Подозрения Эйхмана вызвал рассказ соседки о людях, которые приехали откуда-то и собирались покупать участки для строительства завода вблизи его дома в Сан-Фернандо. Поскольку в округе не было ни водопровода, ни электролиний, то Эйхман не поверил в строительство завода и решил, что расспросы связаны с ним. Почему же он не скрылся? Наверное, после стольких лет напрасных страхов он не поверил конкретной опасности. Да и мыслимо ли по любому поводу срываться с места, менять документы, облик и работу.
На одном из допросов Кенет спросил, почему в ту памятную ночь Эйхман назвался Отто Хенингером?
– Так меня звали более четырех лет, – ответил Эйхман.
– Где же?
– В Германии, в Кельнбахе. До переезда в Аргентину я работал там в лесах.
– Как вы попали туда?
– Сразу после американского лагеря для военнопленных в Обердахштеттене.
– Американцы освободили вас?
– Нет, я сбежал.
– Они знали, кто вы?
– Нет.
– В лагере вы тоже выдавали себя за Отто Хенингера?
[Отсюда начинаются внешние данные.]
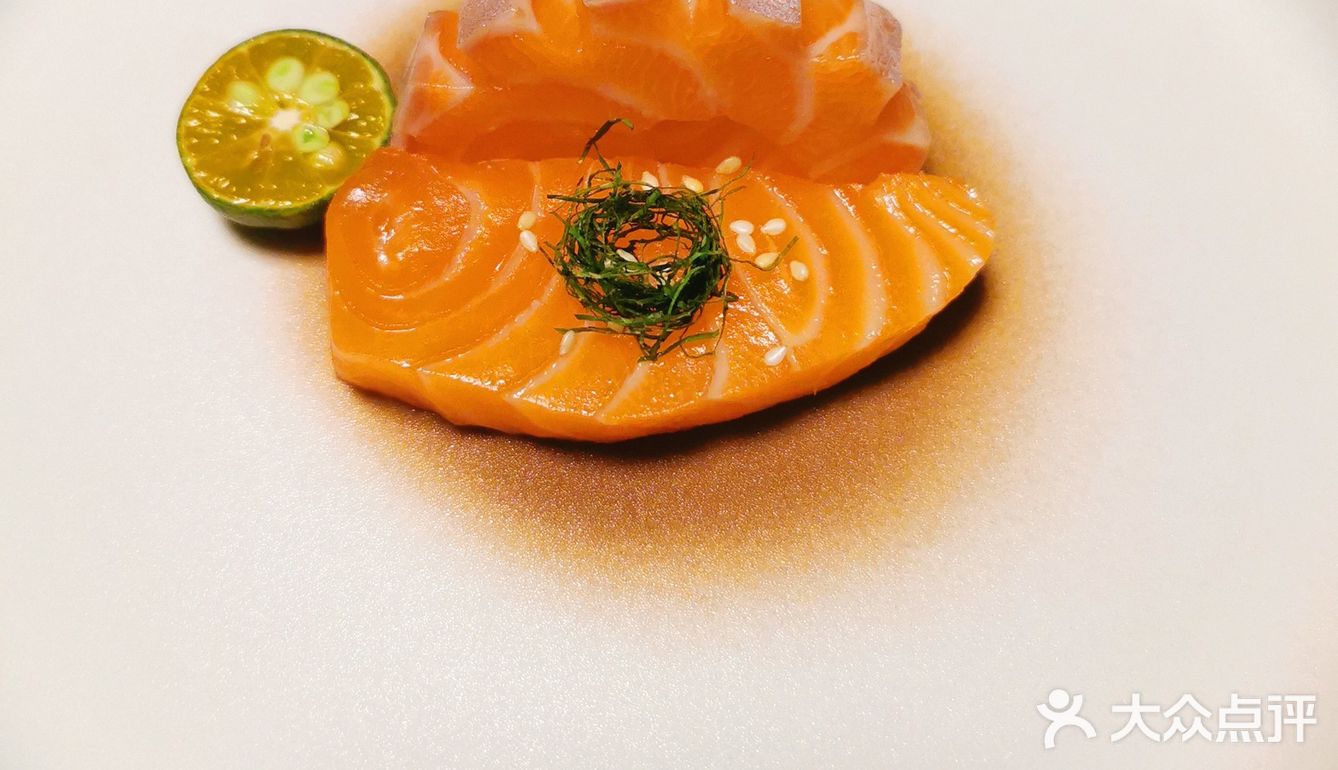 美学与美食相结合的高逼格日料餐厅打卡。[礼花][礼花][亲亲][亲亲]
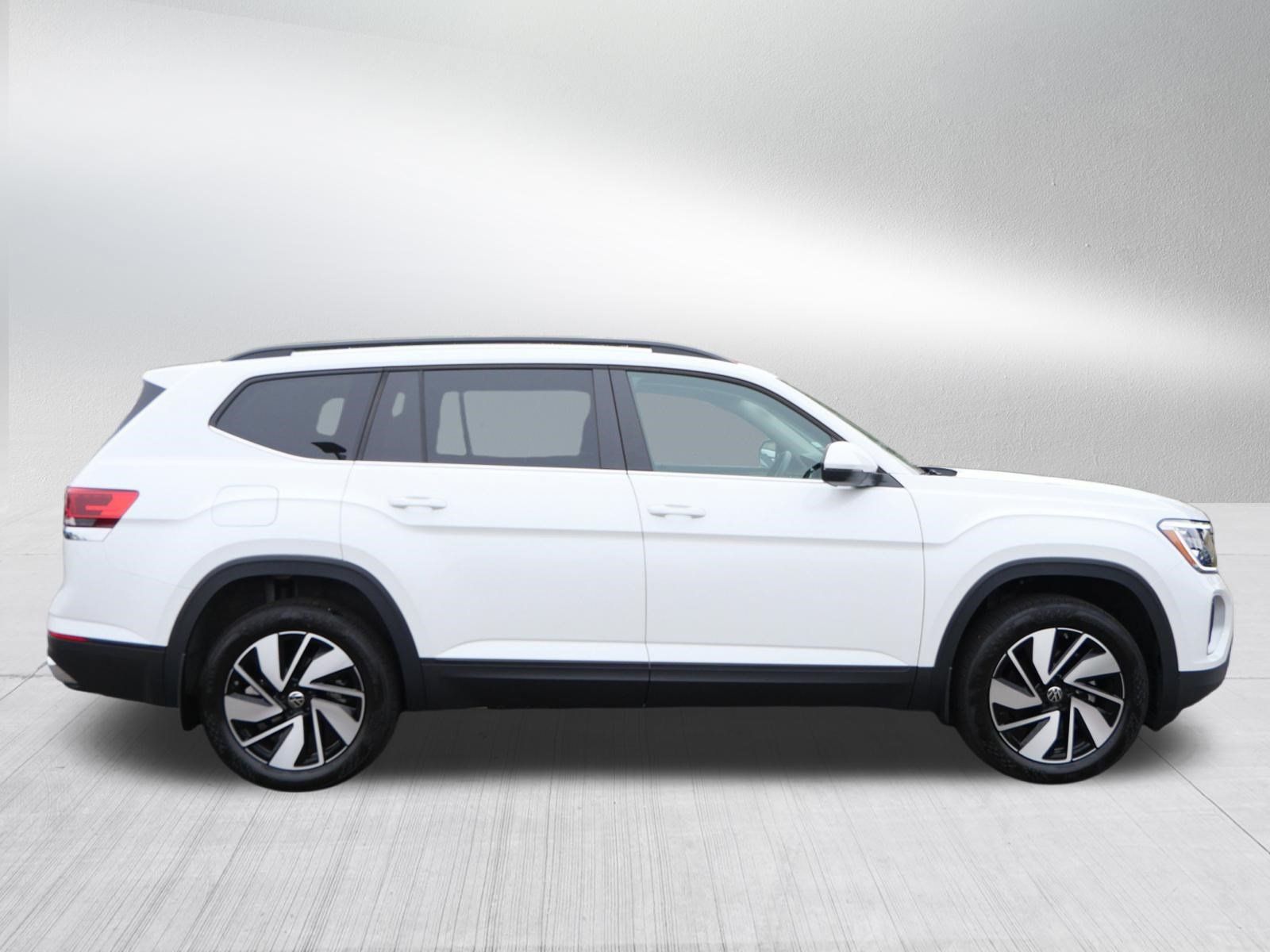 Certified 2026 Volkswagen Atlas SE AWD/4WD image 8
– Нет, там я был Отто Экманом.
– Странный выбор, ведь Экман похоже на Эйхман.
– Да, я намеренно выбрал это имя. Боялся, что меня могут узнать старые знакомые, и если они обратятся ко мне: «Эйхман», то для американцев это прозвучит, как «Экман».
– А что вы рассказали американцам о вашей службе в дни войны?
– Я сказал, что служил лейтенантом в двадцать второй кавалерийской дивизии СС.
– Вас, офицера СС, не допрашивали о прошлом?
– Я говорил, что служил в боевых войсках СС. Американцев же интересовали бывшие гестаповцы.
– Тогда зачем же вы признались, что работали в СС?
– Из-за татуировки под мышкой.
– Когда вы ее уничтожили?
– Я пытался избавиться от нее перед тем, как сбежать из лагеря. Остальные пленные помогали мне, но нам не удалось уничтожить татуировку полностью.
– Сколько времени вы находились в лагере?
– Около шести месяцев.
– Там еще были люди из вашего отдела?
– Да, мой адьютант Айниш.
– Вас взяли в плен вместе?
– Да.
– Где?
– Неподалеку от Ульма.
– И сразу отправили в Обердахштеттен?
– Нет, сначала мы попали в другой лагерь, но только на несколько недель. Там было плохо.
– Как зто понимать? Плохие условия? Теснота?
– Нет. Но американцы начали осматривать пленных – искали офицеров с татуировками.
– Но вы же признались, что вы офицер СС?
– В том лагере я выдавал себя за рядового из авиации.
– Под именем Экман?
– Нет, Адольф Карл Барт.
– Когда это было?
– В мае 1945-го.
– Чем вы занимались до плена?
– Тогда уже ничем. Перед самым концом войны я отвез жену и сына в Австрию, а сам вернулся туда, где находился Кальтенбруннер, глава управления государственной безопасности рейха. Это были дни полной анархии: никто не знал, что делать. Мы с адьютантом Яйнишем пошли в путь и скоро нас задержали американские солдаты.
– А когда вас задержали во второй раз?
– В конце июля или начале августа 1945 года.
– Тогда-то вы и назвали себя офицером СС Отто Экманом?
– Да.
– Почему вы решили бежать из Обердахштеттена?